Right now, we are moving the other way - towards Mongolia, which should be off of the coast of BC in perhaps 120 Million Years...


----------



## MacDoc (Nov 3, 2001)

Let's see
*Mayor Hazel.*
Voted in with 90+ percent majorities for 30 years and second best mayor in all the world by her peers.
Somehow your opinion doesn't carry much weight against those that live here....especially how framed.

••••••

*"I don't think Canadian's want......"*

65% + - currently.... 70% favour parties with strong egalitarian, social program planks in their policy statements but of course YOU know better. 

••

What Canadians are tired of is "do nothing" pols in Ottawa failing to give value for money, allowing gov to grow while failing to address numerous social issues such as public housing and ECE and continuing to hand out corporate welfare to the likes of the oil patch. They are not afraid to control predation and because much is local based there is an "in your face" aspect to being held accountable at the community level.

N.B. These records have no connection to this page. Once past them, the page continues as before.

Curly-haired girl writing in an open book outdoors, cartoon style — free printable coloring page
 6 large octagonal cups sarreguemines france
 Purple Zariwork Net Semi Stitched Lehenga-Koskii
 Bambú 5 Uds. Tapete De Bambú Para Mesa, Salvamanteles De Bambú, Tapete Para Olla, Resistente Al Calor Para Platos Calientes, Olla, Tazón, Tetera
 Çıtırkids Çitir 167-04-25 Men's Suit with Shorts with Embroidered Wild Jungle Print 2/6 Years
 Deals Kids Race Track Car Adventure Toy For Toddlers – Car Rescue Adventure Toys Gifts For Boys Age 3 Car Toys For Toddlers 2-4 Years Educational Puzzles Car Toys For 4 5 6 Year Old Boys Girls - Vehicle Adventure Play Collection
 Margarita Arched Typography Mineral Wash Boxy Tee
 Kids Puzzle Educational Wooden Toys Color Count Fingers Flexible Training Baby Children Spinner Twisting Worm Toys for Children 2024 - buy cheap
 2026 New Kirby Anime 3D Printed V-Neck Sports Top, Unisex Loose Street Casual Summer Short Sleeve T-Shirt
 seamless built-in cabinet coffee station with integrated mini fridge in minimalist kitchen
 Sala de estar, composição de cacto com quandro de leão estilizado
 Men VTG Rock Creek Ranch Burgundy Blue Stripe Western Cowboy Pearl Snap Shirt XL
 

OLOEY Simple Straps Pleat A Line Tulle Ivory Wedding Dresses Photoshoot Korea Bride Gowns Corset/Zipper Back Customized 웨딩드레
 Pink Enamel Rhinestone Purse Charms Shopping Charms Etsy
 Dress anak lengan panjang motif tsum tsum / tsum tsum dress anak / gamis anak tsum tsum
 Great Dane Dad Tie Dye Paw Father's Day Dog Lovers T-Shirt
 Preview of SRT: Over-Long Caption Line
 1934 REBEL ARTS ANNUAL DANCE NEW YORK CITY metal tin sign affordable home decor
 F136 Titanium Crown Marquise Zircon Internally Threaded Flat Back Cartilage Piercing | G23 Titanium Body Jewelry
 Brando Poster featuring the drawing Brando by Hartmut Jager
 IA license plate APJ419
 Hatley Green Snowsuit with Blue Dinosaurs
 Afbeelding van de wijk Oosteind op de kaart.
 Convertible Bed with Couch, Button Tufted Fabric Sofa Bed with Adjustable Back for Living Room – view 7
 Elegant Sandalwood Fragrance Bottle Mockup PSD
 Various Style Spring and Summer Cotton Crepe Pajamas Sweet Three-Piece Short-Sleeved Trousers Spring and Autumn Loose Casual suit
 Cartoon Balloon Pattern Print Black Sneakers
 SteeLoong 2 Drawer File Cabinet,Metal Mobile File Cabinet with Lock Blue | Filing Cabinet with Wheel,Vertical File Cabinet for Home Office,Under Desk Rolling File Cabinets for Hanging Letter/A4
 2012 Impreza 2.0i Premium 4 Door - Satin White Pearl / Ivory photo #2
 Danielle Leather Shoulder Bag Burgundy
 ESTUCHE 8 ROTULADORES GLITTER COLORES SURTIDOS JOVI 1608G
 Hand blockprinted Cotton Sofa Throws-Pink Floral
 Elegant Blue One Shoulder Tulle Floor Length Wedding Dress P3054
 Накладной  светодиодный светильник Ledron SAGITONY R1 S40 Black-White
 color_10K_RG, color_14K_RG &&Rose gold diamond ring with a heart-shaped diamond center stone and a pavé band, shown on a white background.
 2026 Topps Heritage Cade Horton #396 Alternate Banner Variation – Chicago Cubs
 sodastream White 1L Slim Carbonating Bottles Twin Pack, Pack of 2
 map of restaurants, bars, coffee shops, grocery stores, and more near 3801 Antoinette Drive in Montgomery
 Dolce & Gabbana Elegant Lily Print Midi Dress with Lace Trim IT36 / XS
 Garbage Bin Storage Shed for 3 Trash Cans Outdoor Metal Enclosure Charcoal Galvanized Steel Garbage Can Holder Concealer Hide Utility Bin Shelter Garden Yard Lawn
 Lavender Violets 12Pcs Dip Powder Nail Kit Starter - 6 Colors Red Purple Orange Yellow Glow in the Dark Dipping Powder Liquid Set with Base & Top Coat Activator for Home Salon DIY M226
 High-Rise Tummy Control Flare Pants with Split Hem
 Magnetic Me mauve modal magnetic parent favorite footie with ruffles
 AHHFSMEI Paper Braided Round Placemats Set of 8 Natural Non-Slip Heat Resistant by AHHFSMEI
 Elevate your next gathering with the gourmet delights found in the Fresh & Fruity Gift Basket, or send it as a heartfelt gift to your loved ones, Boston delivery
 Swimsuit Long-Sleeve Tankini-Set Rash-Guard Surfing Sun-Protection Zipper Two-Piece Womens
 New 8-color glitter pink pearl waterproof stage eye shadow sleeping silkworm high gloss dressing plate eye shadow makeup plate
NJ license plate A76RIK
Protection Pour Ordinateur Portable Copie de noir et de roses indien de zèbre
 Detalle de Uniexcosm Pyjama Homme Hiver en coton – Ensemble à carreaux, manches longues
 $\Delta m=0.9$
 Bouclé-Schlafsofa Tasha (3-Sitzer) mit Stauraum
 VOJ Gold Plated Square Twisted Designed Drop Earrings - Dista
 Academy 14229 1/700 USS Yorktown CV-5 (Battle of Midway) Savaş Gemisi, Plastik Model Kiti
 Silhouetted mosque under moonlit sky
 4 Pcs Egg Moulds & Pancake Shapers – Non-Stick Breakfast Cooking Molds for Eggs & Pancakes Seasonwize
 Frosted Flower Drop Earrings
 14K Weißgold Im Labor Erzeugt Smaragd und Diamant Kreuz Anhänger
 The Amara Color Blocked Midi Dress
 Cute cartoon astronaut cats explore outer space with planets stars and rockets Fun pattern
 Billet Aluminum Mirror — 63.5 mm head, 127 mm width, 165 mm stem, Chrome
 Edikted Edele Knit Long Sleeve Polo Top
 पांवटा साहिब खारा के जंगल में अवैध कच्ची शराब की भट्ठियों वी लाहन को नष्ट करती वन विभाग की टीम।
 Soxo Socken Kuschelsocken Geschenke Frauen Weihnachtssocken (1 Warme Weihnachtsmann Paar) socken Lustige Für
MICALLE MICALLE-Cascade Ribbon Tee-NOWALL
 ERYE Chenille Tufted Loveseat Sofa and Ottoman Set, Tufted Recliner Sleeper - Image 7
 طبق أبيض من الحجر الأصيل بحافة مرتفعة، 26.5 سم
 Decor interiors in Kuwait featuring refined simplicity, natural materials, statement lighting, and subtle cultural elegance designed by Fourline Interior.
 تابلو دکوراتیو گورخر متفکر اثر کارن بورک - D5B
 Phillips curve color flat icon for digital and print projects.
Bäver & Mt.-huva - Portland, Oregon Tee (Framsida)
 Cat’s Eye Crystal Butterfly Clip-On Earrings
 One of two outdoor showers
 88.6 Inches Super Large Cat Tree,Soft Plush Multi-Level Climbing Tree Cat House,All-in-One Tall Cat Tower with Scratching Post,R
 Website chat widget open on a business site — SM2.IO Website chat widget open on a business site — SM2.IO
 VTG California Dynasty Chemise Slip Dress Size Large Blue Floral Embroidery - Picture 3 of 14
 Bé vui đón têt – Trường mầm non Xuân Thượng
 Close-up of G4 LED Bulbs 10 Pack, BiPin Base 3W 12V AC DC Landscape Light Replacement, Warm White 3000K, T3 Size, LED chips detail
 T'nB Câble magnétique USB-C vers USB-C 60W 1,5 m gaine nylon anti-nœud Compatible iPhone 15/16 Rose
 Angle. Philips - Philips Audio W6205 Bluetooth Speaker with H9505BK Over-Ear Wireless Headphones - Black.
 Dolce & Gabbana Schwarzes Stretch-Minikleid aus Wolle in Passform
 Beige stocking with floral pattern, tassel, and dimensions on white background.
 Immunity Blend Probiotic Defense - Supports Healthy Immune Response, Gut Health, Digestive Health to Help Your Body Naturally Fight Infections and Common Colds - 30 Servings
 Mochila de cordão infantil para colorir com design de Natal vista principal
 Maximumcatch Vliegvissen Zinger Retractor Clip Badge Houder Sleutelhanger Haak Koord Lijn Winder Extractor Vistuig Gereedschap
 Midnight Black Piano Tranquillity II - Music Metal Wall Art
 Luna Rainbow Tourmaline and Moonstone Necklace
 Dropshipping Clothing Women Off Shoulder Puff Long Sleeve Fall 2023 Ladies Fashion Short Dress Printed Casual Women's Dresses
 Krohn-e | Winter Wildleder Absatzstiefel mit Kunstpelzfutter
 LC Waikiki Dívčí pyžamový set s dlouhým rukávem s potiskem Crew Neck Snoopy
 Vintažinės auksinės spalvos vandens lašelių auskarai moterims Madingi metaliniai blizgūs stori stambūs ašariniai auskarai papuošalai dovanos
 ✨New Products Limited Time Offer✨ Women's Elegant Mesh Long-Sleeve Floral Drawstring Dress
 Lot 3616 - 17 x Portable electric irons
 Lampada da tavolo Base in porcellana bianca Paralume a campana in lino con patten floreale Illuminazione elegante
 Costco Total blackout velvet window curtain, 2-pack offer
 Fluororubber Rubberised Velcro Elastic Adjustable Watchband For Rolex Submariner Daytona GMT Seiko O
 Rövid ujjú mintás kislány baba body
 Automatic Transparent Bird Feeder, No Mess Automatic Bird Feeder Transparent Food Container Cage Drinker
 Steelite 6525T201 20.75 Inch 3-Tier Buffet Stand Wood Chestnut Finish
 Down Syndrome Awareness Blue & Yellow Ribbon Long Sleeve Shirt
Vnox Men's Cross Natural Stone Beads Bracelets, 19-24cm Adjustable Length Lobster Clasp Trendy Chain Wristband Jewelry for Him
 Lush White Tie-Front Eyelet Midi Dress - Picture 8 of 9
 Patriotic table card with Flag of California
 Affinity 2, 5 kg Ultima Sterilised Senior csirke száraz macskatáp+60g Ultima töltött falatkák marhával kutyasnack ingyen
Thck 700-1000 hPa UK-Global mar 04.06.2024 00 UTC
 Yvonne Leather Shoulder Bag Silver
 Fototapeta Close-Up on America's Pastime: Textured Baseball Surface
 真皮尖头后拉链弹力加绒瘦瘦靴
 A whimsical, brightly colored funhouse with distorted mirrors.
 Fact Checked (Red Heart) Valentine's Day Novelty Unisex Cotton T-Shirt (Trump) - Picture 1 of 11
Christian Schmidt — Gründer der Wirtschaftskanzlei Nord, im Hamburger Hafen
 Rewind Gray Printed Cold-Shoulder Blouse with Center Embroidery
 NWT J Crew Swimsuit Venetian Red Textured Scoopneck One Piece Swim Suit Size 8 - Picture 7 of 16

One reason the Nordic countries succeed is the balance of economic power between communities and central gov is about equal.
In Canada it's about as far as possible from equal.

Have/have not provincial transfers are deeply embedded ( read egalitarian program ) and by and large that gap has been reduced significantly over time but has left Ottawa with far too much power.

The third party at the table, the municipalities have been left out by the provinces ( Ontario has finally stepped up ) and the Feds notably under Harper.

What Canadians want is value for money at all levels of gov and fair distribution of power between Feds, prov and municipalities.

Instead we've seen poverty worsen, the rich/poor gap widen and municipalities starved for funding while Ottawa grows fat. Time for change.


----------



## Macfury (Feb 3, 2006)

ArtistSeries said:


> As for the Dictatorship of the Proletariat:


AS: Why on earth are you lecturing at great length about the Dictatorship of the Proletariat? The purpose of the original post was to show that Marxist communism favoured egalitarianism as a goal. You are at times a mystery.


----------



## Macfury (Feb 3, 2006)

bryanc said:


> I do.


Bryanc: I have no doubt you do, in a sort of bloodless way.


----------



## groovetube (Jan 2, 2003)

Macfury said:


> In his Communist Manifest, Marx said communism would occur in three phases:
> 
> 1. Bloody Revolution:
> 2. Dictatorship of the Proletariat:
> 3. Egalitarian Utopia:


Macfury, it's about context. It's really really quite simple. k.

Think about it. For a little while.


----------



## Macfury (Feb 3, 2006)

MacDoc: You really ought to live in a Scandinavian country. I think you would really be happy there. Pretending that Canadians value the heavy hand of government in the same fashion as the effete Europeans is pure fantasy made up of tiny bits of polling data. 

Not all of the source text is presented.